Máquinas de Luz. 1º. Forum da Imagem Técnica.
Debate paoleb + Cezar Migliorin, Muti Randolph e Cao Guimarães - quarta feira dia 28 às 19h no Cine Glória.
Recebi com alegria o convite para participar do debate sobre a interação entre suportes e linguagens no evento Máquinas de Luz. Dizia assim:
“Além da interação cinema, vídeo, fotografia, música e artes plásticas, recentemente vemos as artes cênicas incorporando dispositivos imagéticos e tecnológicos na concepção cenográfica dos espetáculos.”
Mais oportuno impossível: meus trabalhos cada vez mais caminham na direção da contaminação da cena de teatro/dança/performance por práticas audiovisuais. Minhas questões: como a presença da projeção, ou do monitor, se relaciona com o espetáculo cênico, como pode potencializar, dialogar, pôr em dúvida ou reforçar uma cena que acontece ao vivo – lembrando que a própria imagem projetada ou transmitida na TV pode também ela estar sendo gerada ao vivo. Então é justamente esta possibilidade da imagem – virtualidade – de adicionar camadas à realidade da cena que anda me interessando na minha pesquisa hoje.
Quando recebi a mensagem do Cezar, sugerindo que o foco do debate recaísse sobre o papel que o acaso desempenha no meu processo de criação, a coisa ficou mais afinada ainda.
NORTE
“Qual o papel do que não se domina?
As idéias vêm acompanhadas desse imponderável?
Ainda, há uma escolha de suporte diferenciada por conta da forma como vocês (no caso eu e Cao Guimarães) imaginam a presença do acaso?”

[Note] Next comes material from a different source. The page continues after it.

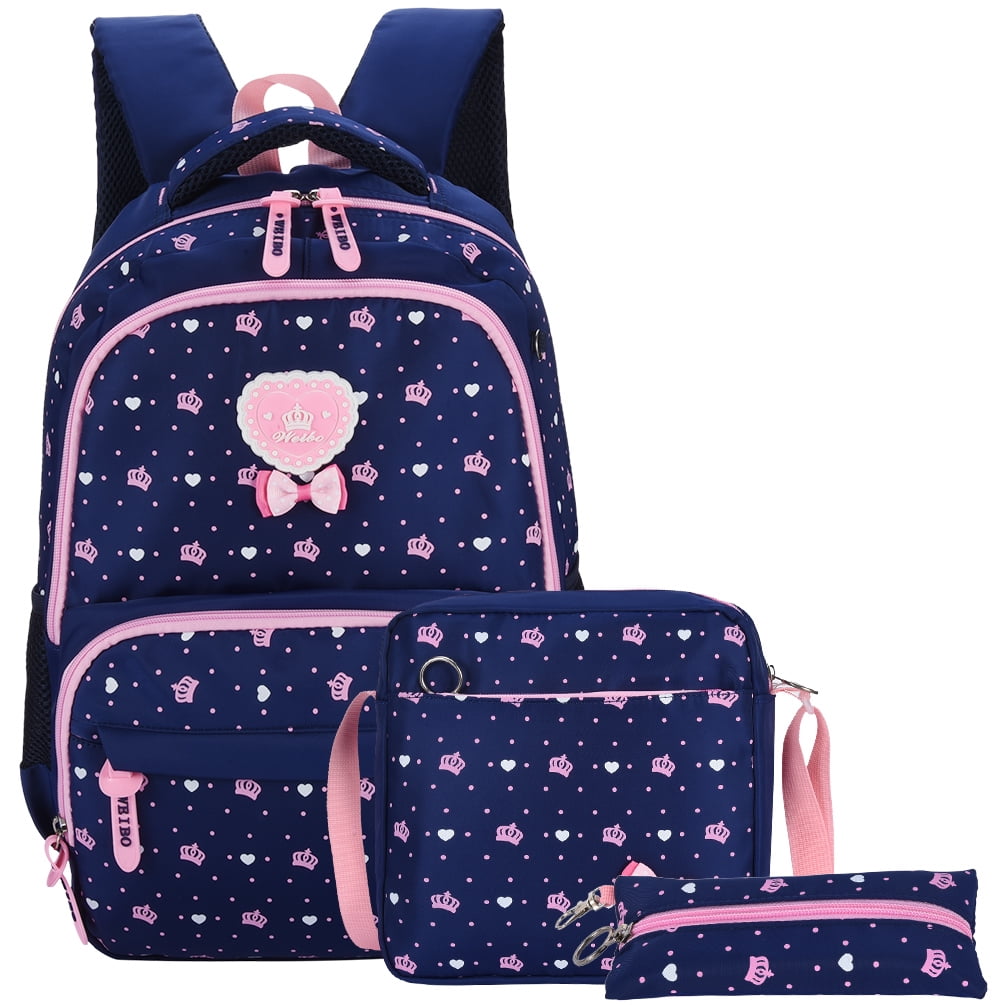 12 Inch Kids Backpack for Toddlers, Boys & Girls, 600 Denier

Decidi iniciar a minha fala pela projeção do curtinha Jogo dos 7 Erros.
Este trabalho foi realizado em um Mini Curso que ofereci no Festival Dança em Foco, em torno de uma poética do movimento em espaços vigiados. Pesquisei, junto aos participantes, tipos de movimentos desenvolvidos que poderiam ser considerados suspeitos, relevantes, interessantes, padrão. Foi a primeira vez que produzi um vídeo, finalizado, com imagens de vigilância, e estou feliz de nosso trabalho ter sido selecionado para a mostra competitiva Arte.mov em BH. Nós atuamos diante das câmeras do SESC Copacabana, recuperamos o material bruto e por meio de um efeito de edição criamos esse anel de tempo aonde a ação de uma tela invade a ação de outra, meio anel de Moebius, uma imagem começa aonde a outra termina, e isto causa um estranhamento meio Lynchiano, gostei. E foi algo que se deu como um feliz acaso, mas um acaso que foi possível graças ao trabalho ao qual nos propusemos. Quando entramos naquele corredor não estávamos com as ações cronometradas, e nem sabíamos que isto poderia ser editado assim, mas tínhamos em mente a tarefa de executar ações com padrões de repetição, reverso e duplicação, a partir de VPs. Viewpoints são uma poderosa técnica de improvisação que lida com o espaço, a arquitetura, a topografia, a forma, o tempo, a duração, a repetição, a resposta cinética e o movimento, subtraindo a psicologia da cena e lidando com a materialidade e a superfície dos corpos. É ótimo. Me faz pensar em Eisenstein, de uma certa forma é construtivista e tenho pensado meu trabalho como realizadora de filmes ultimamente nestes termos.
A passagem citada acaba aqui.